We moved on to the crab croquettes, listed as a traditional plate on the menu.  I could not have been more pleased with our selection.  The blue crab was cooked perfectly, blended with mascarpone, and gently breaded and fried.  The resulting croquette was then laid in lemon aioli.  My eyes could only imagine the flavor, as the crab and cheese literally melted in my mouth.  The lemon provided an extra layer of gentle acidity that brought out the crab’s flavor. My thoughts turned to the coast, and I could imagine the cool breeze and salty waters.  I touched the sommelier’s hand.  This would be an excellent night of fare.

At this point, I knew that our plates would all be excellent, one after another.  I was not disappointed in my judgment.  The rabbit charcuterie arrived next, complete with pickles, radishes, and micro greens laid in stone ground mustard.  Presented beautifully, I felt as if we should be sitting in New York, LA, or Chicago.  Did San Antonians know how flawless the marbling was in this dish?  How the rabbit and micro greens blended perfectly with the mustard?  Even the pickles and radishes were clean and fresh, local, and contributed to the essence of the dish.  Needless to say, I was already thankful for our choosing.  I could also tell the sommelier was enjoying his night, as he scooted his barstool closer to mine, and ordered a Pessac-Leognan Bordeaux.


The Korean BBQ tacos were delivered by wait staff dressed properly for the feel of the restaurant, inclusive in jeans and long sleeve black dress shirt.  In a relaxed atmosphere, the notorious street dish well known in Austin, LA, or Portland, was executed spotlessly.  The BBQ was made with kimchee sauce, and topped with sprouts, cilantro, and a squeeze of lime.  The sommelier and I devoured them as if we had just come out of Emo’s in Austin, spending the evening listening to some indie band unknown to the general populace.  I could taste the street smokiness in the back of my mouth, and could envision the night sky lit by the architecture of the Frost Building.  I found myself awakening to a glass of supple red wine swirling on the cork bar.

The sommelier knows that my favorite region of France is Bordeaux, with flavors of black currant, soft tannins, and sweet tobacco.  The 2009 Chateau Picque Calliou did not disappoint, and while we may not have normally paired this particular wine with the spicy flavors of kimchee, I was elated to find this particular highly rated vintage for such a fabulous price.  I sipped the nectar gradually, breathing in the smoothness of the fruit, and enjoying the sleek finish.
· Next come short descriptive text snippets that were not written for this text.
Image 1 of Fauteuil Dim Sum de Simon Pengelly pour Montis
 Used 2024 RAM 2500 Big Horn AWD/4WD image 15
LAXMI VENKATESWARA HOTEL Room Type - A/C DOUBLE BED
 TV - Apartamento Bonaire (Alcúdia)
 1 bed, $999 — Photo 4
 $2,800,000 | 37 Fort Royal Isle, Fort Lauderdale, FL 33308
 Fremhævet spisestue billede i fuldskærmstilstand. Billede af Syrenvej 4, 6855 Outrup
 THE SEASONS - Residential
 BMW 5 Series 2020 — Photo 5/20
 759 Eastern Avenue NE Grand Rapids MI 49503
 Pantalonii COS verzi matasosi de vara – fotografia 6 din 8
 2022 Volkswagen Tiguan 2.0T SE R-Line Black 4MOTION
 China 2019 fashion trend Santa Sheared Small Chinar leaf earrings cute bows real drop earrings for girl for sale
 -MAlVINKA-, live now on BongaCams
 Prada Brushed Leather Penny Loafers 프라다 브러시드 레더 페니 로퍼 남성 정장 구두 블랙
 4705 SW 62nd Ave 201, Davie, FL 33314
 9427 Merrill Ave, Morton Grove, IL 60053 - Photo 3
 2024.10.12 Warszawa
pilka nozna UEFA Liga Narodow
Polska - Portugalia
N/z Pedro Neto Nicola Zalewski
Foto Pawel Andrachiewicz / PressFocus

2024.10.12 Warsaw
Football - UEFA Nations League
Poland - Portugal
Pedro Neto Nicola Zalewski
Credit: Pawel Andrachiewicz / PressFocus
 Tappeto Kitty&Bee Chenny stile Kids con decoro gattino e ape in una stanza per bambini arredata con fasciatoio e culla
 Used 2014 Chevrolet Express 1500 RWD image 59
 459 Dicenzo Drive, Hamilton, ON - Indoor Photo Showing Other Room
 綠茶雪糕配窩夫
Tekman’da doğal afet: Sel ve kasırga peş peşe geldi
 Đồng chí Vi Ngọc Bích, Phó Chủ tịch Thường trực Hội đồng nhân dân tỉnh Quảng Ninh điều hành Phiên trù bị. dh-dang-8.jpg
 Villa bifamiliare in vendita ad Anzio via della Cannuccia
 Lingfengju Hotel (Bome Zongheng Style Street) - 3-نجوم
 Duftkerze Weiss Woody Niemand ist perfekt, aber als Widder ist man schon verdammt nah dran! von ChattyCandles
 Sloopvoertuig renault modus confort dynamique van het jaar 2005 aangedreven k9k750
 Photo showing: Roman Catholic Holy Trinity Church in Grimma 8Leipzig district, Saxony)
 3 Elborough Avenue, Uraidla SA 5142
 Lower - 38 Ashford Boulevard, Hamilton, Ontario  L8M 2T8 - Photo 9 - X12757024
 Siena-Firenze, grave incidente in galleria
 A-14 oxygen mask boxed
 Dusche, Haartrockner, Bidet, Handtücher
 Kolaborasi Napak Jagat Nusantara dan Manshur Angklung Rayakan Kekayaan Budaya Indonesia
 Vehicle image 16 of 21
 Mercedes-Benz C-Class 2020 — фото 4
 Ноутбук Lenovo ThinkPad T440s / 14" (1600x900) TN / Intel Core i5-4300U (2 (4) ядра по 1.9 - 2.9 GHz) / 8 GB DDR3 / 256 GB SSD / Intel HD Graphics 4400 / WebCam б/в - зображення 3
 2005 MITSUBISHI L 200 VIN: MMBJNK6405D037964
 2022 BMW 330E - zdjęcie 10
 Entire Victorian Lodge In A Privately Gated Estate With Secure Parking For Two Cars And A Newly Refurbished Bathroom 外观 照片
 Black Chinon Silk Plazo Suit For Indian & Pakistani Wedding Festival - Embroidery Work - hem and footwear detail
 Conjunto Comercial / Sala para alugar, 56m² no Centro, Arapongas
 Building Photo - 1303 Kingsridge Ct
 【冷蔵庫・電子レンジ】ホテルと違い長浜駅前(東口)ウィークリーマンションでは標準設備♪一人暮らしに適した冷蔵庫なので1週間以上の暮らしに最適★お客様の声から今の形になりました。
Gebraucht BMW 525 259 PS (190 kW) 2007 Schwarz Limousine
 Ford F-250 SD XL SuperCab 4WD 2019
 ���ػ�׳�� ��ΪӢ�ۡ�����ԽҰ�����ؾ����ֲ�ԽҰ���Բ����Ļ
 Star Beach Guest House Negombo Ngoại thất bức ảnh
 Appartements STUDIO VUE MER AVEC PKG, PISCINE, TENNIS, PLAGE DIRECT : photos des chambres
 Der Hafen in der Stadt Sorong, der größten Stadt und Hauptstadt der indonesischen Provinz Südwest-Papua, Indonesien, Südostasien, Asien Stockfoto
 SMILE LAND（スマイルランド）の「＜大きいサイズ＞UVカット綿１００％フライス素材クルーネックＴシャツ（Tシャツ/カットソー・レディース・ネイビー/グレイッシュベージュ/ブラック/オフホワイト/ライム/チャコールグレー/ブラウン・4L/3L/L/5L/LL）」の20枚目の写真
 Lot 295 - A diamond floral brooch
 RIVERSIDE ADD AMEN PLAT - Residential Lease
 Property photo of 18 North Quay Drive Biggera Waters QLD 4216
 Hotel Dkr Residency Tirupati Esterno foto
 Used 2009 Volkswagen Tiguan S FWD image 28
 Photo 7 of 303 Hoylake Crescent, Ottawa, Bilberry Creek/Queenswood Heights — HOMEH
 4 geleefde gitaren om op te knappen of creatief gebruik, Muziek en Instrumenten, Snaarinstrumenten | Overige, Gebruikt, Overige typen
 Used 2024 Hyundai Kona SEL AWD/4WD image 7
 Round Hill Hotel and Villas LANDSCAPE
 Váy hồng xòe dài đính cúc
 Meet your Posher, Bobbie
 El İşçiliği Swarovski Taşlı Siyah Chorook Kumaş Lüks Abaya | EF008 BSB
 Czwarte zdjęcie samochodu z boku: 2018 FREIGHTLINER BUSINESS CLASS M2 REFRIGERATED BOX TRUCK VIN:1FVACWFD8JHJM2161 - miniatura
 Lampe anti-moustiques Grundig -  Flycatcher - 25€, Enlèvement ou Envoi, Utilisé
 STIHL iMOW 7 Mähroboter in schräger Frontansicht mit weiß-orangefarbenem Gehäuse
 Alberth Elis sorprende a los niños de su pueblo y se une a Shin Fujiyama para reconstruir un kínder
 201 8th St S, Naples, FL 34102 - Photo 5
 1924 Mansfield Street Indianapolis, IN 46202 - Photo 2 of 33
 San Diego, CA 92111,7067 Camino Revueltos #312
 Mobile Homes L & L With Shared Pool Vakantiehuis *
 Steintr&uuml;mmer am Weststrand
Our last small plate is well known to those who have had the pleasure of visiting the Duk Truck, as Chef Dady has been bringing filled steamed buns to our own streets for quite some time.  The duck is prepared in traditional confit style, pulled, and then arranged on a mantou bun with cucumbers.  The result? Chinese steamed buns are a new favorite of mine; doughy, plain, and light, the bun itself does not take away the flavor of the duck, and allows the cucumber to penetrate the comprehension of the dish.  I could immediately see why this distinctive snack has been so popular.  Delish!

We rounded out our meal with cheers involving tawny port, and the distribution of a highly favored dessert: a deconstructed cheesecake with sour cherries.  As far as birthdays go, I will have to say this year I spent it exactly as imagined.  With the presence of my sommelier, an escape from the everyday, and plates and plates of gorgeous food, I relished every moment.

I couldn’t have asked for more.

sounds of the Quarter at Luke on the Riverwalk

The last time I was in the hot and steamy state to the East, it was our honeymoon. It was a few years after Katrina, and the Easy city had still not even begun to recover from the
loss. I had spent quite some time there in my mid twenties, and had developed a taste for New Orleans. The old adage was still there; beignets in Jackson Square, chicory coffee, oyster po-boys, the stench of Bourbon Street. We walked along the French Quarter, tasting the spring jasmine and breathing the sounds of the quiet morning. We dined at Bayona, among others. The sommelier and I even took the streetcar down to see the Rebirth Brass Band on the other side of Tulane. Our trip was just a few days, but long enough to create a lasting memory.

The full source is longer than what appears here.